5. Continue this process alternately discerning internal and external phenomena at all the sense doors, incrementally extending the discernment further and further away. For example, you might first direct your external discernment toward beings that are present in the building where you sit, then extend to beings in the neighborhood, town, region, country, hemisphere, planet, and so on. Thoroughly discern the ultimate mental and material processes that occur in each consciousness moment throughout the infinite universe.
6. Finally, conclude the investigation by meditating upon the totality of mental and material processes as just that: phenomena. See that there is no I/you, woman/man, sister/brother; see concepts as mere designations that have no ultimate reality.
The painstaking exercise of identifying, defining, and analyzing the subtle nuances of cognitive processes illuminates refined strata of mental experience. However, you do not need to turn this into an exercise in mathematics, obsessively counting and correlating mental factors with charts. If you are reading this book as an overview, it is enough to understand the basic sequence. Then, when you are training in retreat with the guidance of a teacher, the nuances and specificities of these formations will become both useful and clear.

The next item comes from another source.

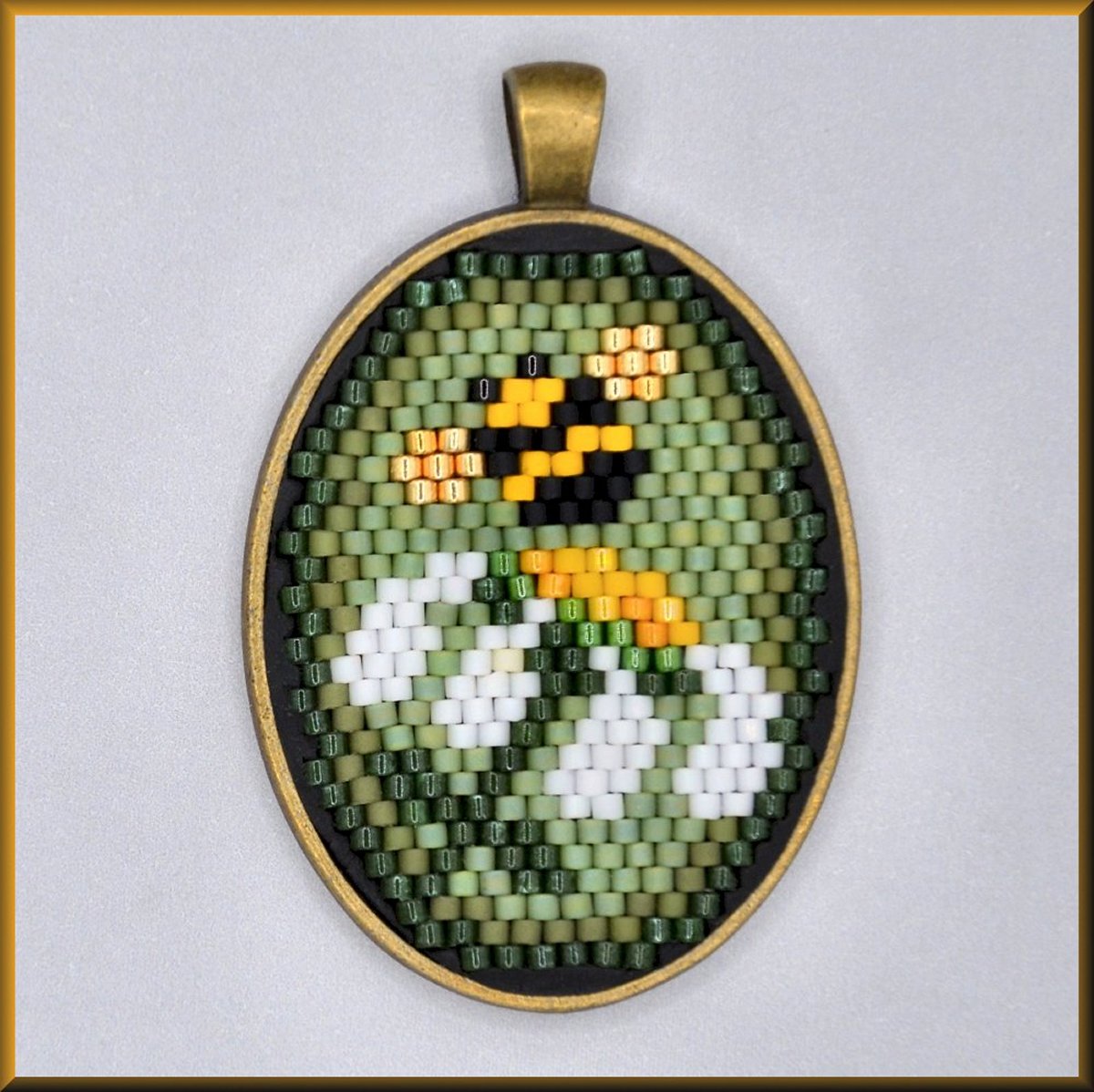 Honey Bee Daisy Oval Pattern - PDF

Yet even a cursory review of this material may reveal interesting insights into the nature of mentality and habitual mental patterns. You might learn to quickly recognize the heaviness and rigidity that is associated with a mind-state devoid of the nineteen beautiful universal factors that include tranquility, lightness, malleability, workability, and so on, and use this sensation as a signal to dispel unwholesome states whenever they arise. You might sense the danger rooted in delusion that accompanies the wandering mind and resolve to interrupt habitual daydreaming. Seeing that greed and hatred never arise in the same mind-moment, that rapture and anger are equally incompatible, and that every unwholesome state includes restlessness and shamelessness of wrongdoing can provide clues to unpack the deeply conditioned roots of action and kamma. By studying the mind, factor by factor, and state by state, you will become attuned to the distinctions between states both during formal meditation sessions and also during dynamic daily encounters. By teasing out the factors that compose mental states, you will see the ways in which you might be sustaining or countering the basic root tendencies of greed, nongreed, hatred, nonhatred, delusion, and nondelusion. Empowered with this knowledge of mentality, you will be able to change any patterns that disrupt the peaceful clarity of your mind.
Untangling Decision-Making Angst
Do you struggle with decision-making, wondering how to decide what is best? Do you sometimes do things that are destructive, even when you know that they are wrong? By teasing out the basic components that compose experience, and examining mental factors associated with a decision to act, you will understand what propels addictive, callous, or disrespectful conduct, and what supports wise action.
Before you make your next decision, whether it is a minor daily selection, a major career move, or an important health issue, examine your mind. If you sense the presence of restlessness and the associated unwholesome factors, wait before you decide what to do. Resolve not to decide or act when unwholesome states dominate. Spend some time cultivating calmness, kindness, and mindful awareness, and then pose the dilemma again for fresh consideration. If you sense that mindfulness and the associated wholesome factors are supporting the decision-making process, trust your intention as you determine your course of action.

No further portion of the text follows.